> WHAT THE EXERCISE ASKS: Skip every picture, and copy exactly the lines from the one containing "907 Westside Ct, Murfreesboro, TN 37130" to the end of the data.

# # # # #

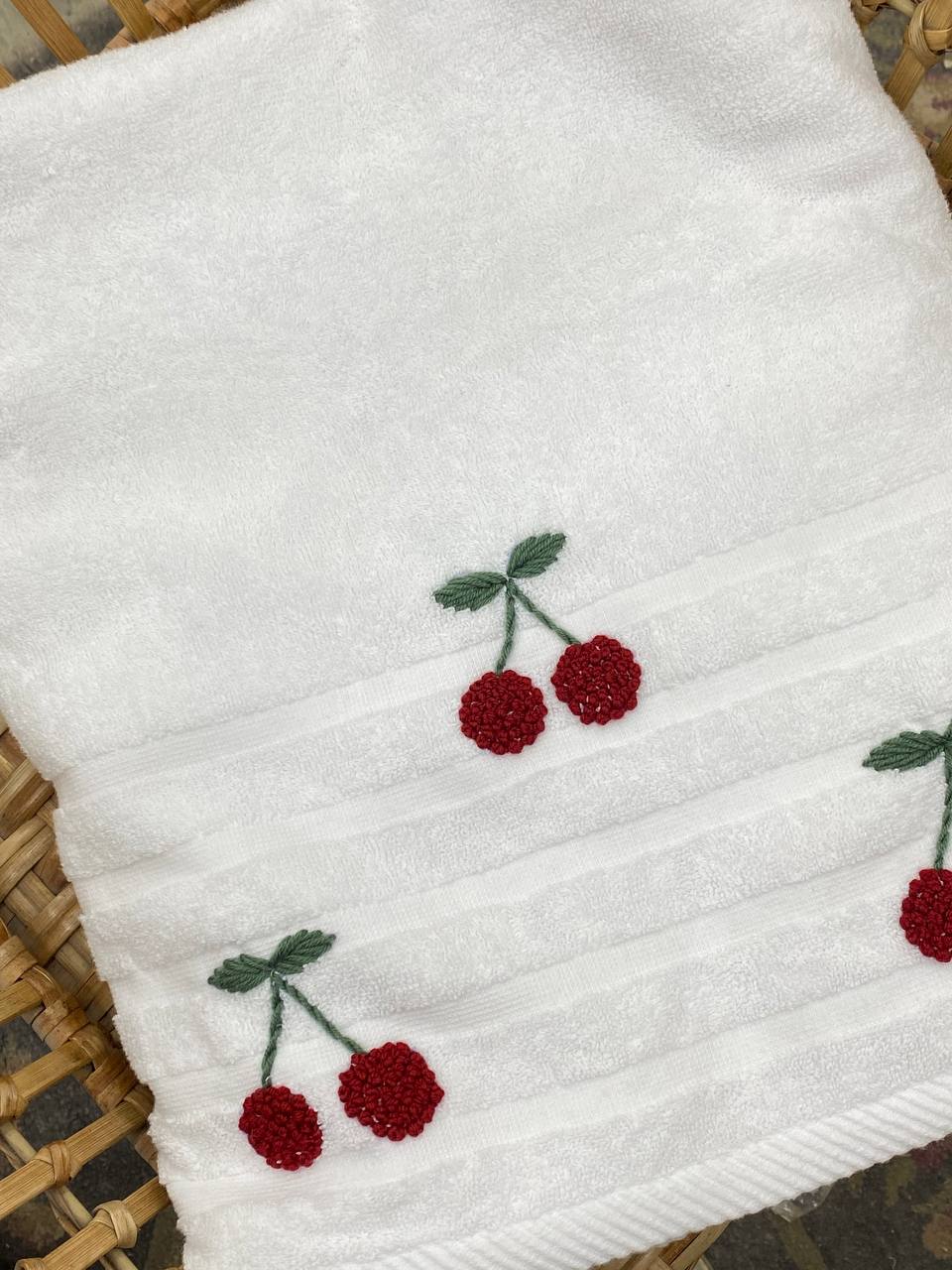 Bath towel 90 x155 cm ,100% cotton cherry design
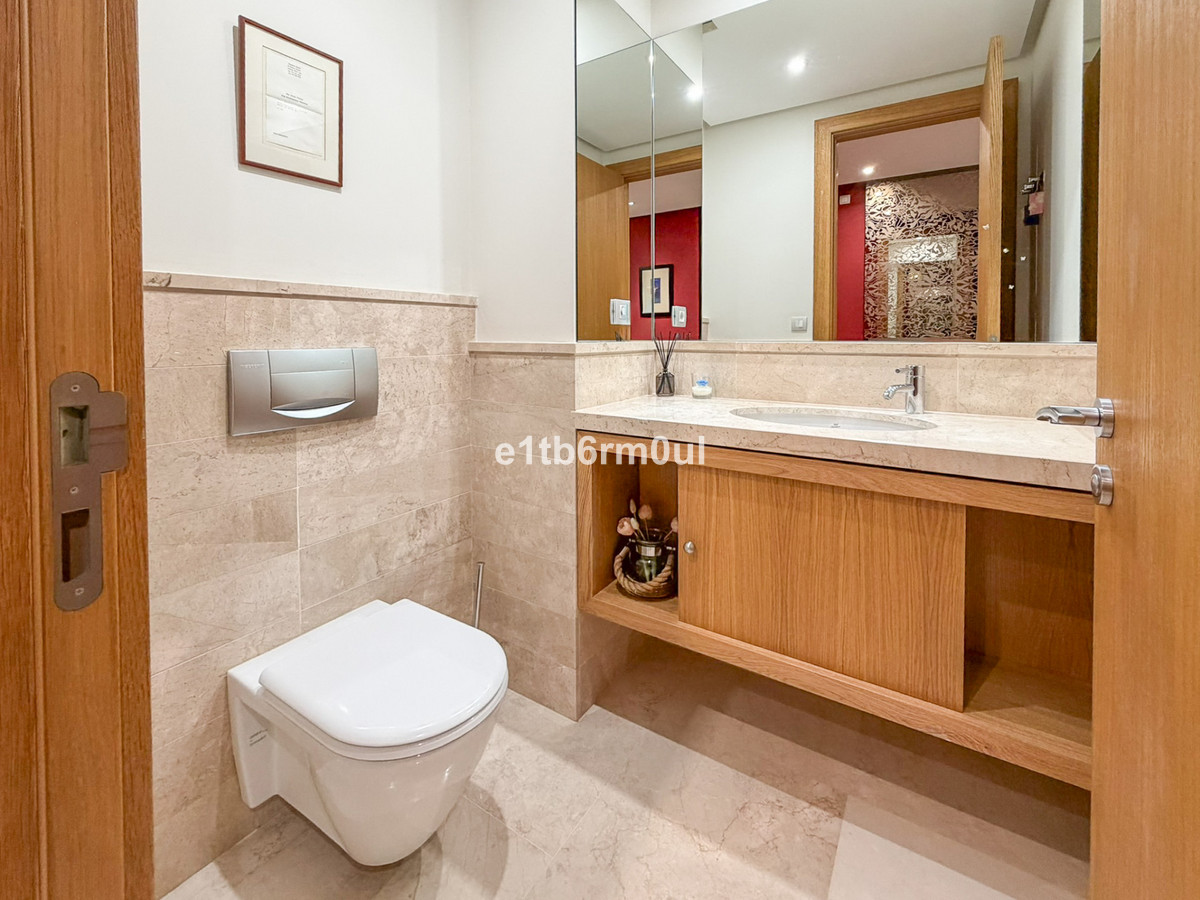 3 Bed Apartment for sale in The Golden Mile Costa Del Sol, Málaga, Spain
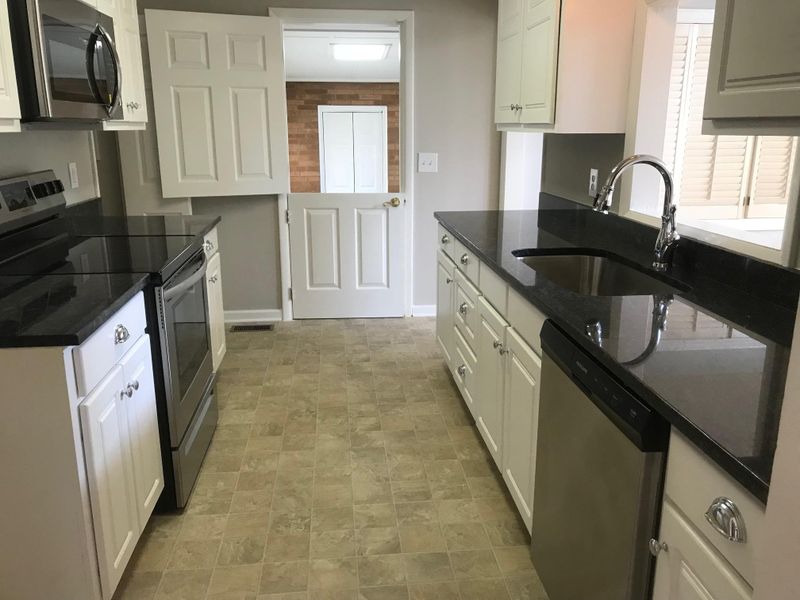 907 Westside Ct, Murfreesboro, TN 37130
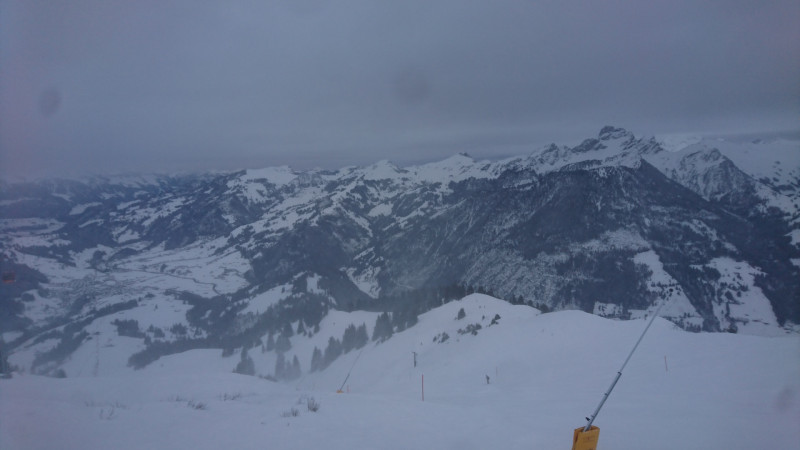 Langsam wird ungemütlich am Rinderberg oben. Das unscharfe da ist nicht etwa ein kaputter Fokus, das ist umherwirbelnder Schnee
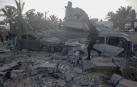 Un palestino camina entre escombros en Deir al-Balah, en Gaza
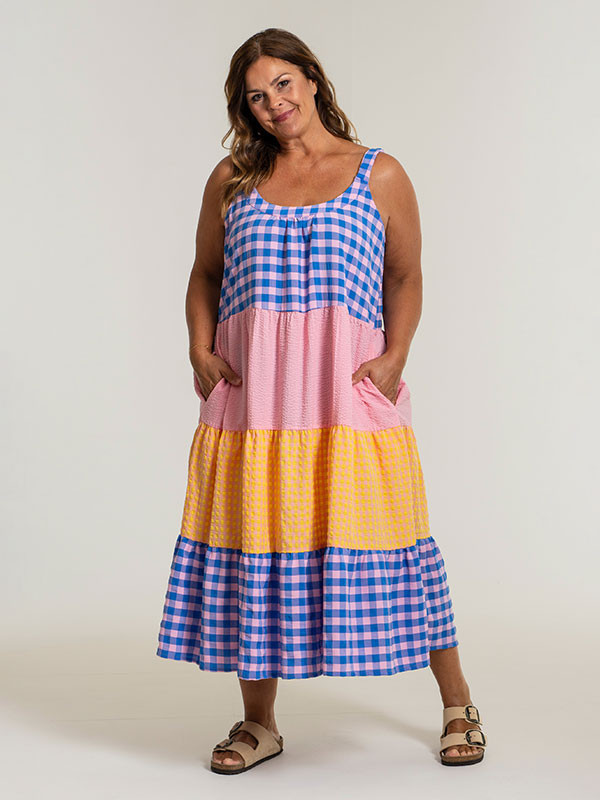 NABILA - Lang kjole med brede striper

# # # # #

> TASK SOLUTION:
 907 Westside Ct, Murfreesboro, TN 37130
 Langsam wird ungemütlich am Rinderberg oben. Das unscharfe da ist nicht etwa ein kaputter Fokus, das ist umherwirbelnder Schnee
 Un palestino camina entre escombros en Deir al-Balah, en Gaza
 NABILA - Lang kjole med brede striper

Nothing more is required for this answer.